# foldingbikes.co.uk



## Pottsy (7 Aug 2009)

Anyone used this website to order a bike? It seems to be a part of Avon Valley Cyclery.

I thinking of ordering a bespoke Brompton and they have a free s-type bag offer there so I was thinking of using them. Just checking no-one has had a bad experience.

Thanks in advance.


----------



## CharlieB (8 Aug 2009)

I've not encountered them before, so I can't comment on their efficiency or customer service. What I would say from experience is don't attach too much credence to the 4-6 weeks delivery time quoted on their site for a bespoke Brompton. A lot of people are now in their 4th month of waiting from other suppliers.


----------



## byegad (8 Aug 2009)

I've used Avon Valey and they are one of the good guys.


----------



## TheDoctor (8 Aug 2009)

CharlieB said:


> I've not encountered them before, so I can't comment on their efficiency or customer service. What I would say from experience is don't attach too much credence to the 4-6 weeks delivery time quoted on their site for a bespoke Brompton. A lot of people are now in their *4th month of waiting* from other suppliers.

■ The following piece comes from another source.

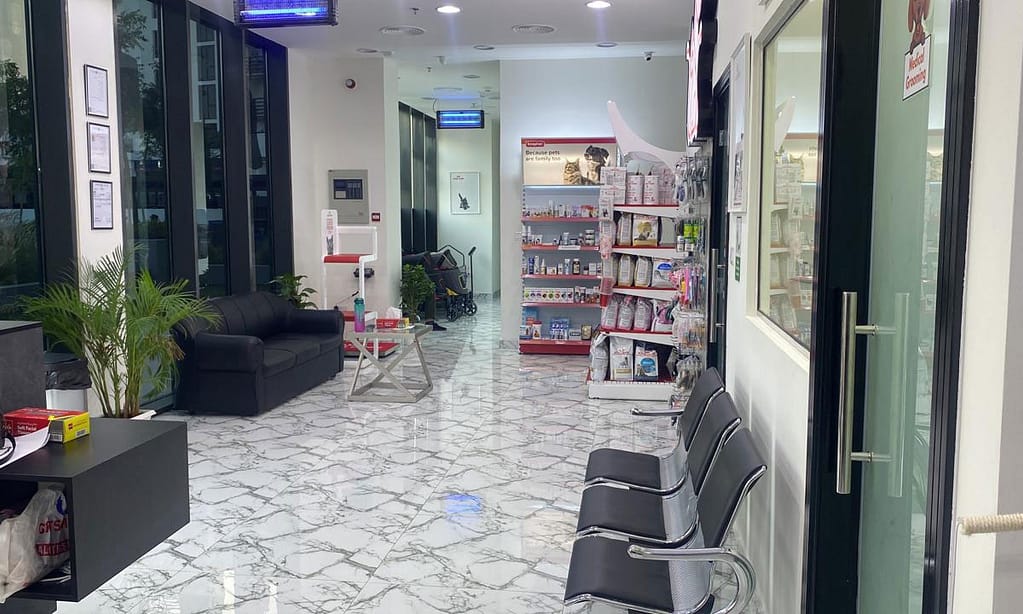 Get Specialized Vet Care For Your Pet At Cute Cat Veterinary Clinic Sharjah & N. Emirates other Shop Online at Dubai Trades 4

La la la la la, TheDoctor can't hear you!!!!!!
[/fingers in ears]

Been waiting a couple of months myself now. Humph!!!!
That's from Wheelies as an insurance replacement.


----------



## ufkacbln (8 Aug 2009)

Brilliant...

I had a frame failure on my Airnimal.

Posted back, stripped, frame replaced, and sent back within ten days!

So they also have the follow up as well.

However unless you have a large wallet....

"STAND AWAY from the bike shop!"

I have visited on three occasions and now have a Birdy, a Brompton and an Airnimal to prove it!


----------